Work order: For every entry, reproduce the wording exactly and omit any image it holds.

Material for the task:
= = = = = = =

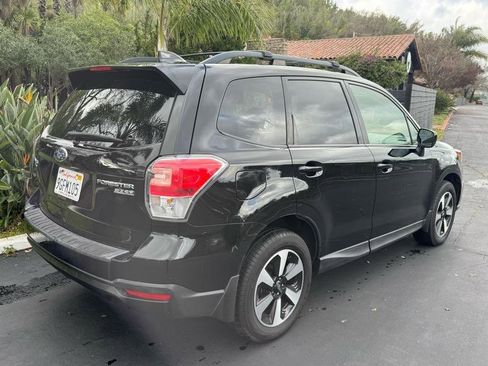 Used 2017 Subaru Forester 2.5i Premium w/ All-Weather Package image 6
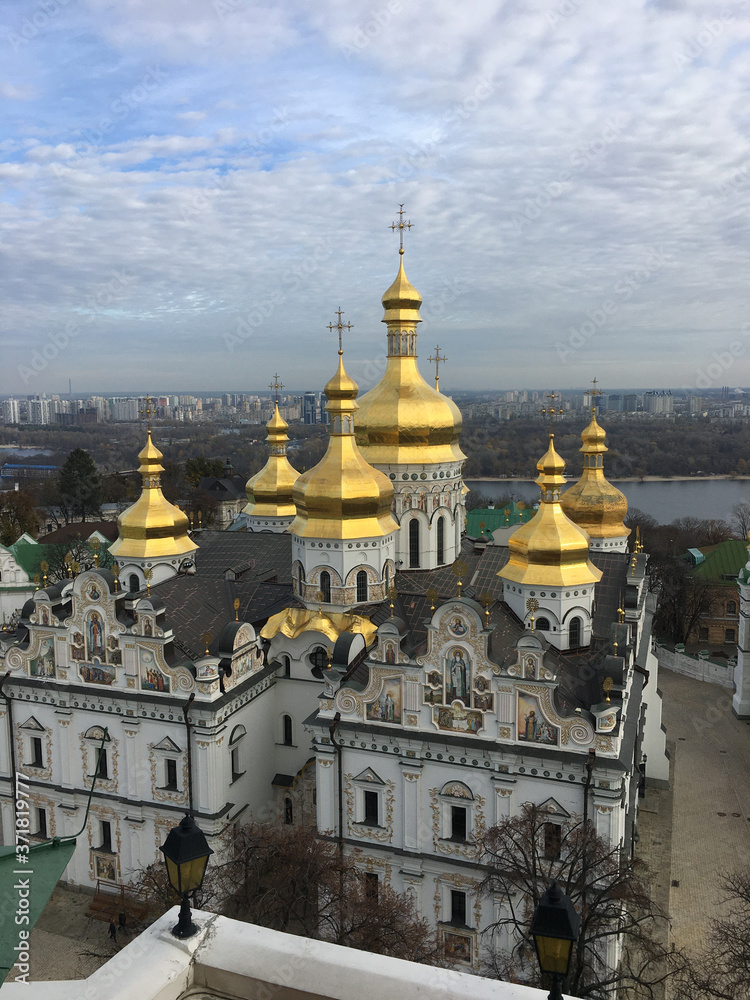Obraz premium Golden cupolas with crosses of St. Michael's Cathedralin Kiev , Ukraine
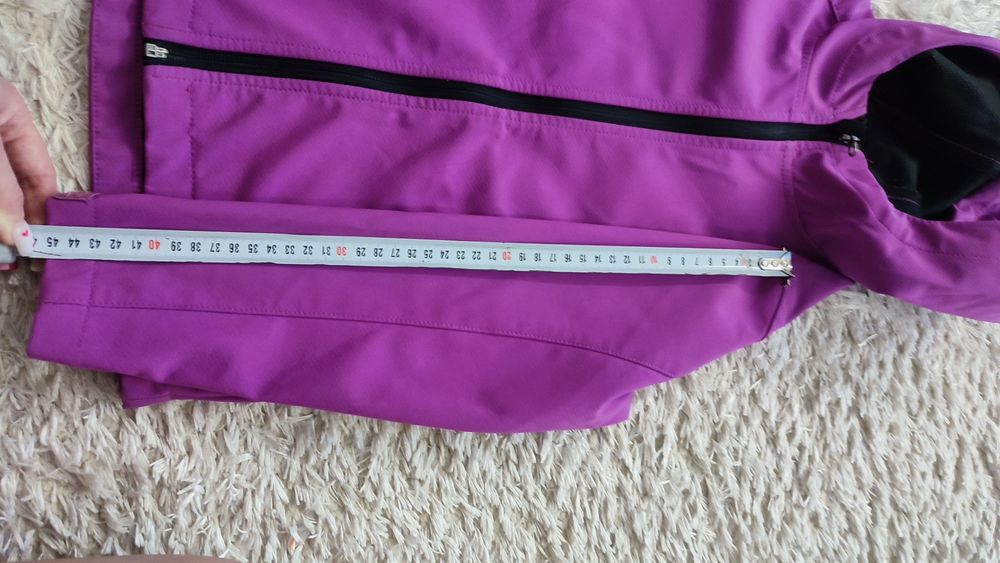 Куртка вітрова розмір 128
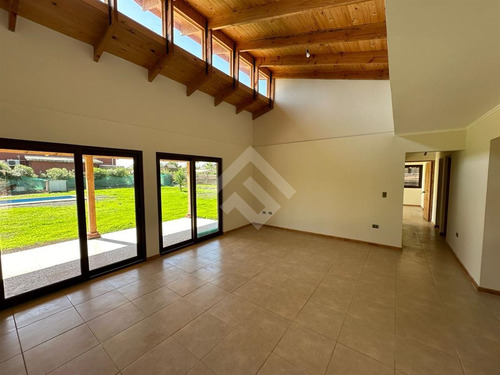 Arriendo En Tlgte Casa 3d 3b Con Piscina Y Riego En 1000 Mts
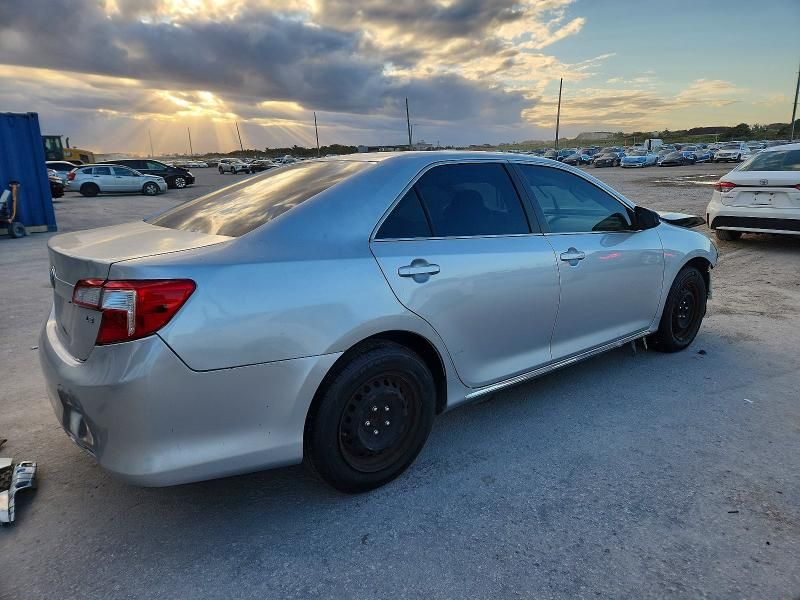 2014 Toyota Camry l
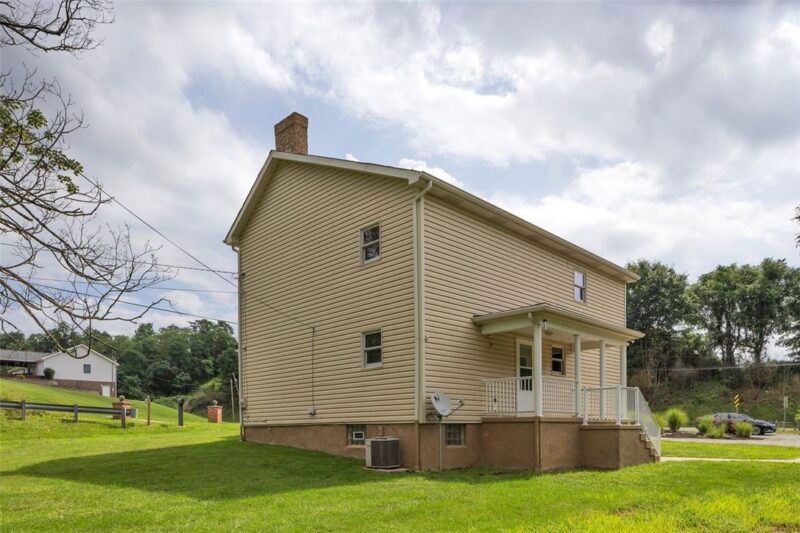 690 Lakeview Drive — photo 4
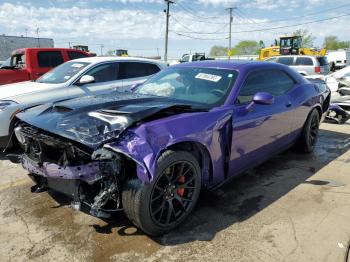  Salvage Dodge Challenger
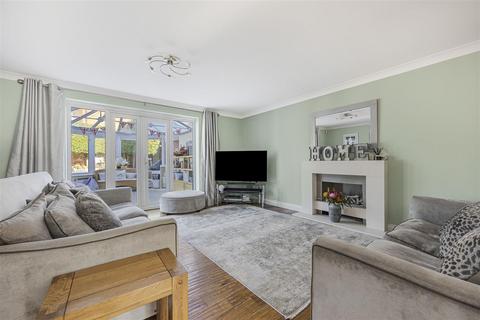 undefined, Mimosa Drive, Shinfield, Reading, RG2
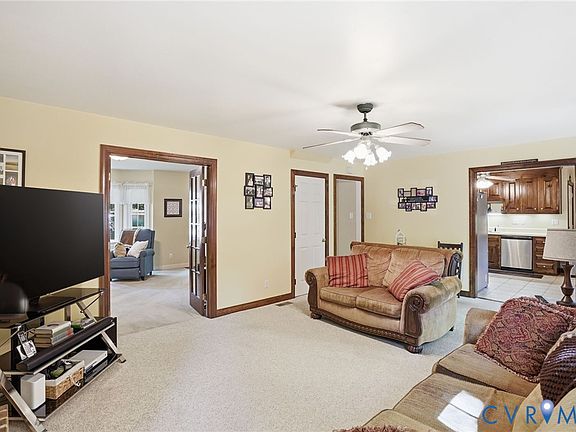 5th image of 8219 Redberry Ln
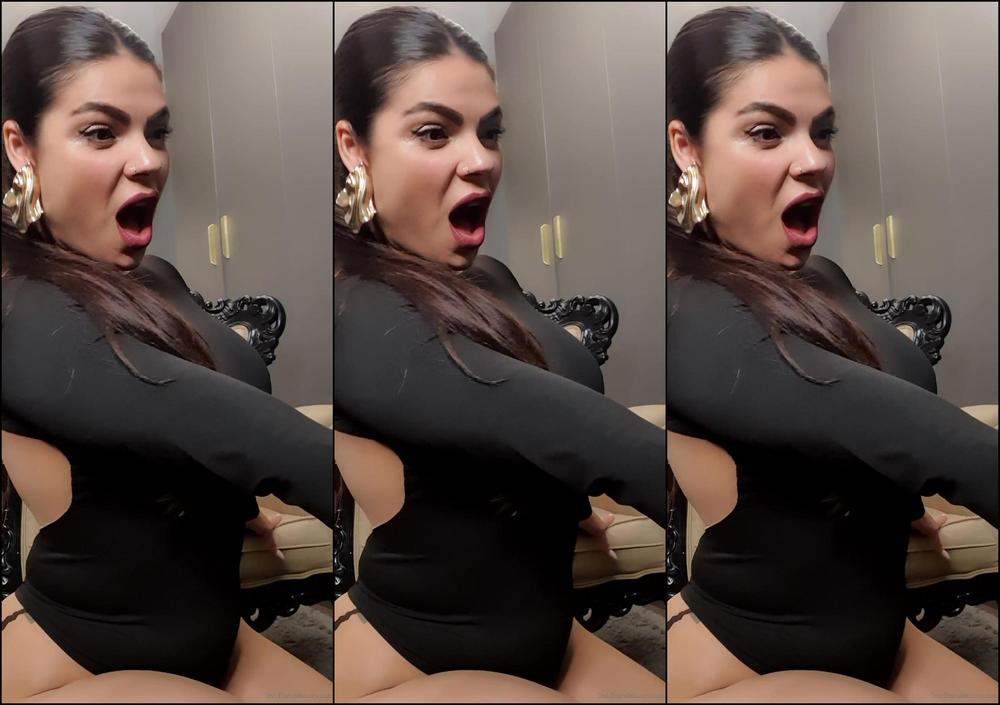 Goddess Domdeluxury 2022-05-04  How many times you came today   5 here . Let's see you - 658 OnlyFans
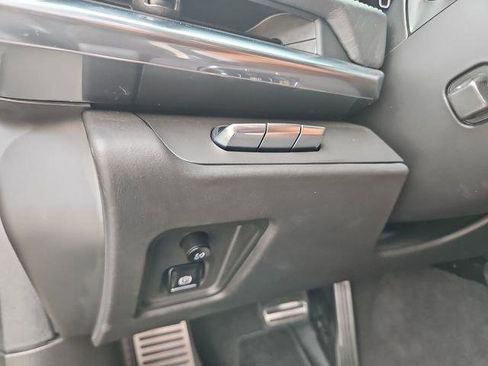 Used 2024 Chevrolet Corvette Z06 RWD image 17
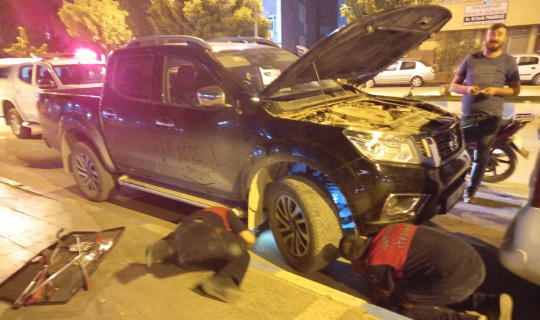Aracın motor kısmına giren kediyi itfaiye çıkarttı Aracın motor kısmına giren kediyi itfaiye çıkarttı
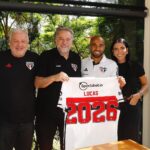 Lucas Moura Instagram - 2️⃣0️⃣2️⃣6️⃣ @lucasmoura7 #RespondeAosCorações ❤️🤍🖤 #VamosSãoPaulo 🇾🇪 📸 Rubens Chiri / saopaulofc CT - Barra Funda (SPFC)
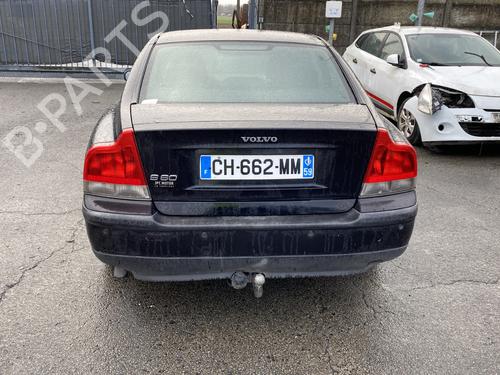 Left headlight VOLVO S60 I (384) 2.4 D | BP31880905C28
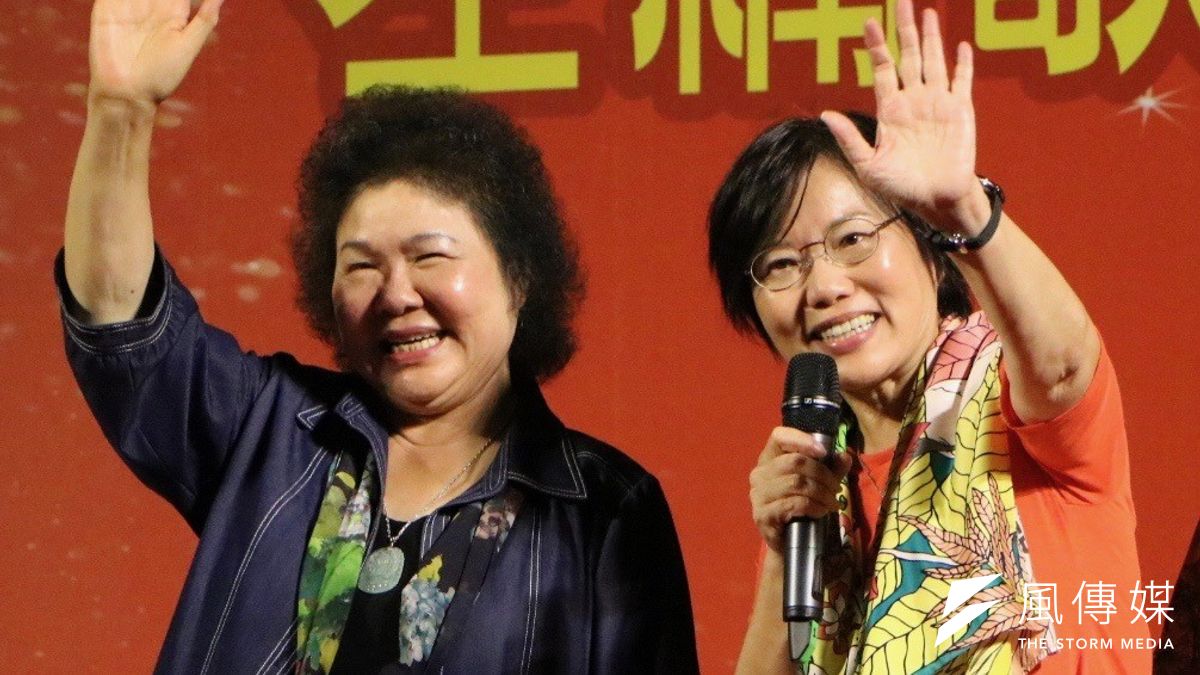 星空藝文季-左楠歌喉讚最後由秘書長陳菊(左)登場,並在台上強烈推薦劉世芳(右)。(圖/徐炳文攝) 星空藝文季-左楠歌喉讚最後由秘書長陳菊(左)登場,並在台上強烈推薦劉世芳(右)。(圖/徐炳文攝)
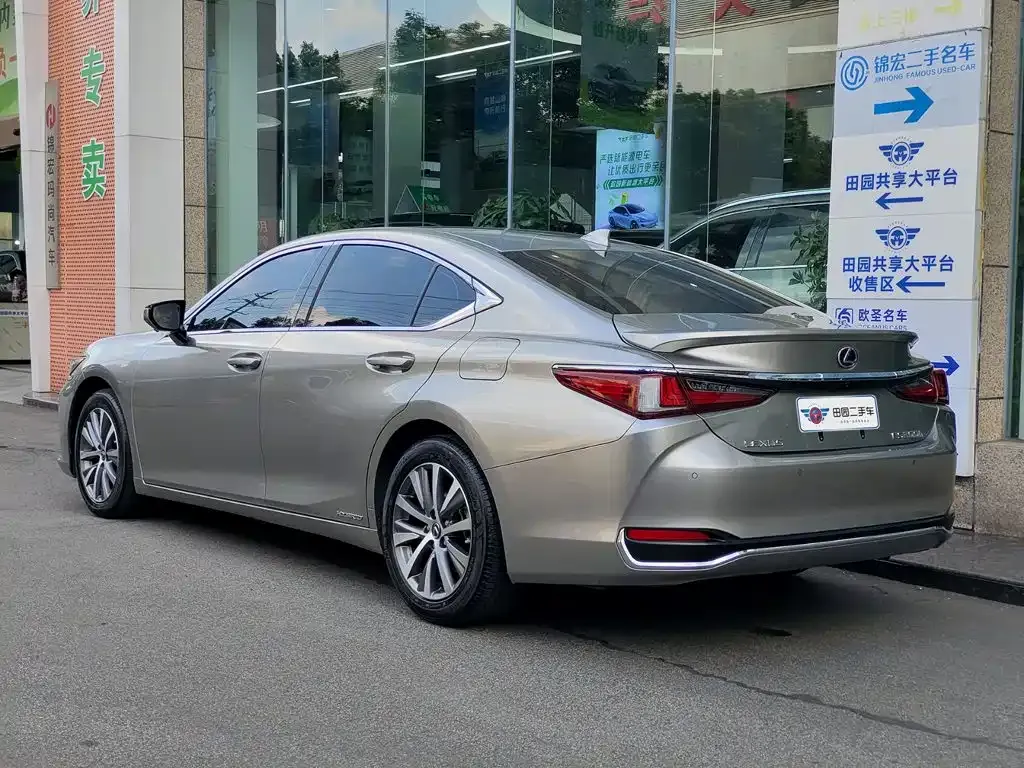 Lexus ES — фото 4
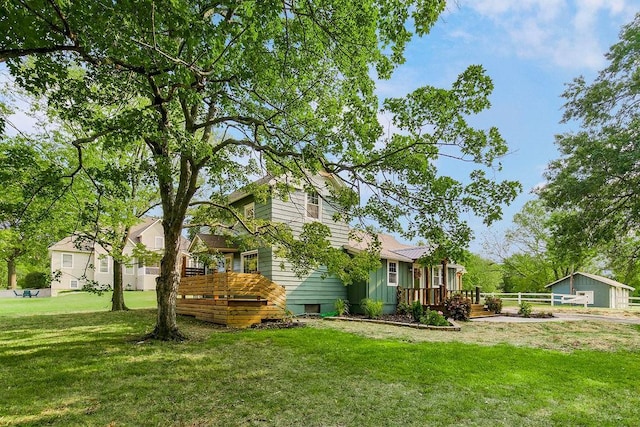 exterior space featuring a lawn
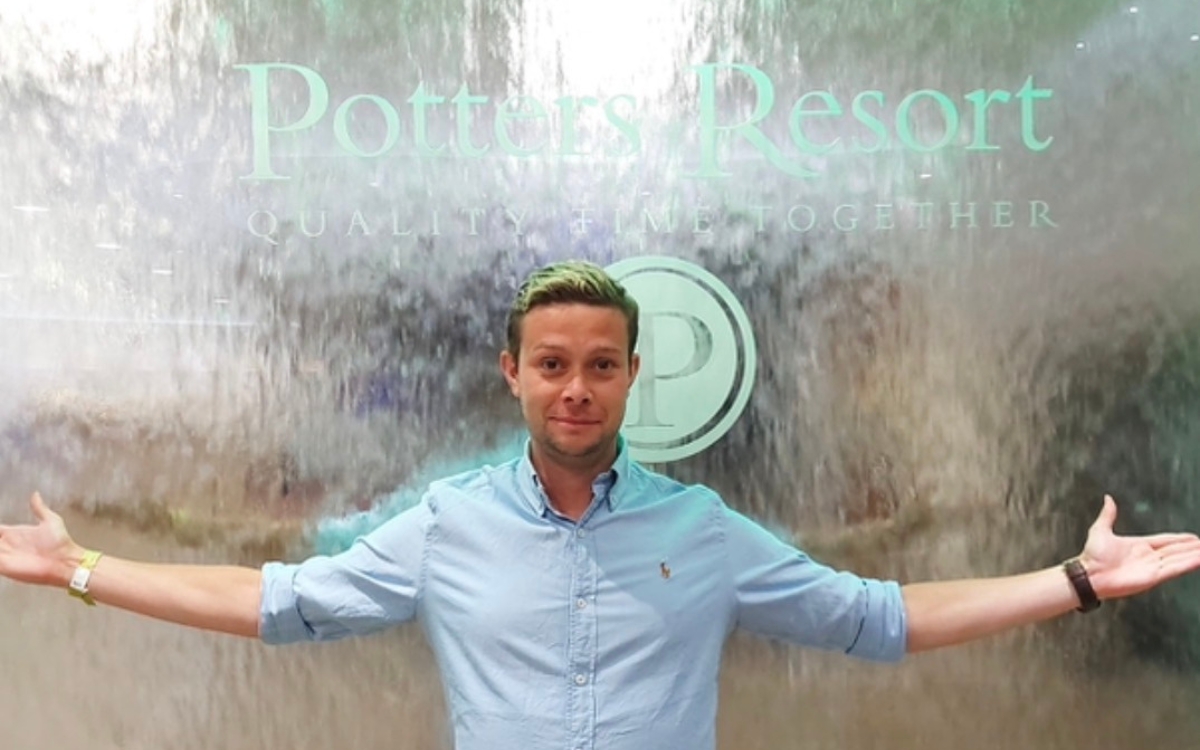 Dan Gardner at Potters Resorts Hopton-on-Sea
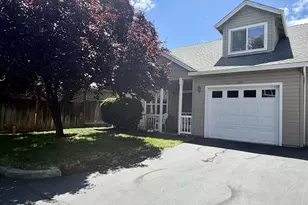 1914 Pebble Way, Medford, OR 97504 - Photo 1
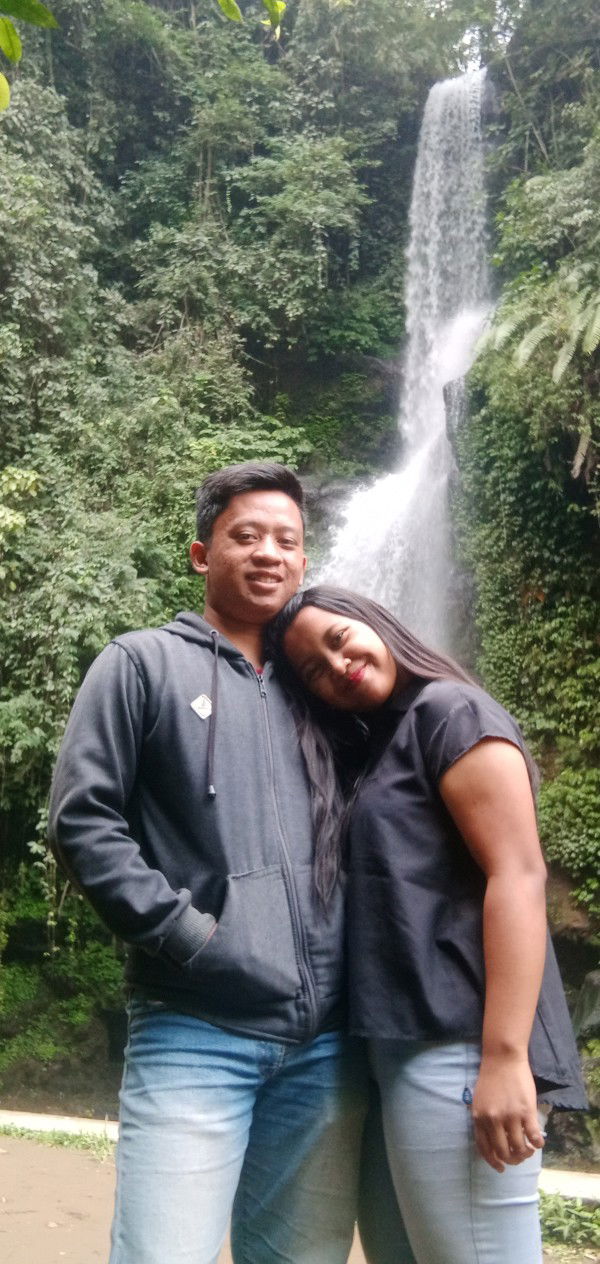 lailatus sania profile icon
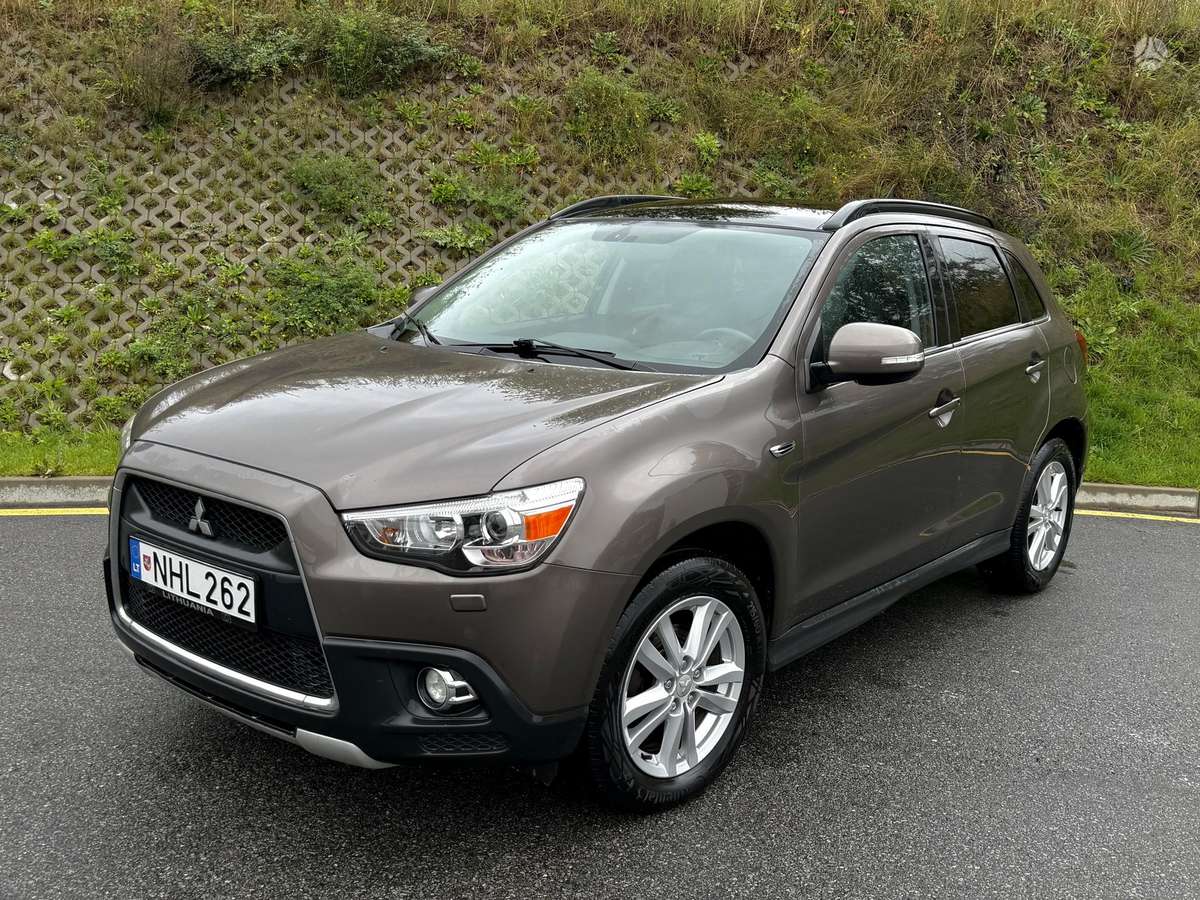 Mitsubishi ASX - 3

= = = = = = =

Exercise output:
 Used 2017 Subaru Forester 2.5i Premium w/ All-Weather Package image 6
Obraz premium Golden cupolas with crosses of St. Michael's Cathedralin Kiev , Ukraine
 Куртка вітрова розмір 128
 Arriendo En Tlgte Casa 3d 3b Con Piscina Y Riego En 1000 Mts
 2014 Toyota Camry l
 690 Lakeview Drive — photo 4
  Salvage Dodge Challenger
 undefined, Mimosa Drive, Shinfield, Reading, RG2
 5th image of 8219 Redberry Ln
 Goddess Domdeluxury 2022-05-04  How many times you came today   5 here . Let's see you - 658 OnlyFans
 Used 2024 Chevrolet Corvette Z06 RWD image 17
Aracın motor kısmına giren kediyi itfaiye çıkarttı Aracın motor kısmına giren kediyi itfaiye çıkarttı
 Lucas Moura Instagram - 2️⃣0️⃣2️⃣6️⃣ @lucasmoura7 #RespondeAosCorações ❤️🤍🖤 #VamosSãoPaulo 🇾🇪 📸 Rubens Chiri / saopaulofc CT - Barra Funda (SPFC)
 Left headlight VOLVO S60 I (384) 2.4 D | BP31880905C28
 星空藝文季-左楠歌喉讚最後由秘書長陳菊(左)登場,並在台上強烈推薦劉世芳(右)。(圖/徐炳文攝) 星空藝文季-左楠歌喉讚最後由秘書長陳菊(左)登場,並在台上強烈推薦劉世芳(右)。(圖/徐炳文攝)
 Lexus ES — фото 4
 exterior space featuring a lawn
 Dan Gardner at Potters Resorts Hopton-on-Sea
 1914 Pebble Way, Medford, OR 97504 - Photo 1
 lailatus sania profile icon
 Mitsubishi ASX - 3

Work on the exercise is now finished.